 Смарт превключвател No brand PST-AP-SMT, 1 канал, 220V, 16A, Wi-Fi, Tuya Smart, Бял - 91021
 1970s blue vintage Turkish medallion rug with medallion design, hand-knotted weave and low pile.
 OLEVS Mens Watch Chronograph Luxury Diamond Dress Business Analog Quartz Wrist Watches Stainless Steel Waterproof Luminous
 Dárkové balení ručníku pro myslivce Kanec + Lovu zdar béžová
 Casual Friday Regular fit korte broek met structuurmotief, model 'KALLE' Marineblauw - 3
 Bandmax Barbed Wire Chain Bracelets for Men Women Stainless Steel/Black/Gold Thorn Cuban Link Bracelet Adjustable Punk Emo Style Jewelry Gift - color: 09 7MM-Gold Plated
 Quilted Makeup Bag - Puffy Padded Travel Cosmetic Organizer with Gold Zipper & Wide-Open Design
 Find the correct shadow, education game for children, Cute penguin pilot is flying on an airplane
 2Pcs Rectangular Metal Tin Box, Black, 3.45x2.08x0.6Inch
--
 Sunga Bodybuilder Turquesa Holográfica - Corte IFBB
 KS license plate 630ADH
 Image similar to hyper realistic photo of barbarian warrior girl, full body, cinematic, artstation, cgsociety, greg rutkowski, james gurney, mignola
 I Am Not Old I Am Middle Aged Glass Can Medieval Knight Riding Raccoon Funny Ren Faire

§ The problem: Return each full line of the entries that contains the word "with".

§ Response for this exercise:
 1970s blue vintage Turkish medallion rug with medallion design, hand-knotted weave and low pile.
 Quilted Makeup Bag - Puffy Padded Travel Cosmetic Organizer with Gold Zipper & Wide-Open Design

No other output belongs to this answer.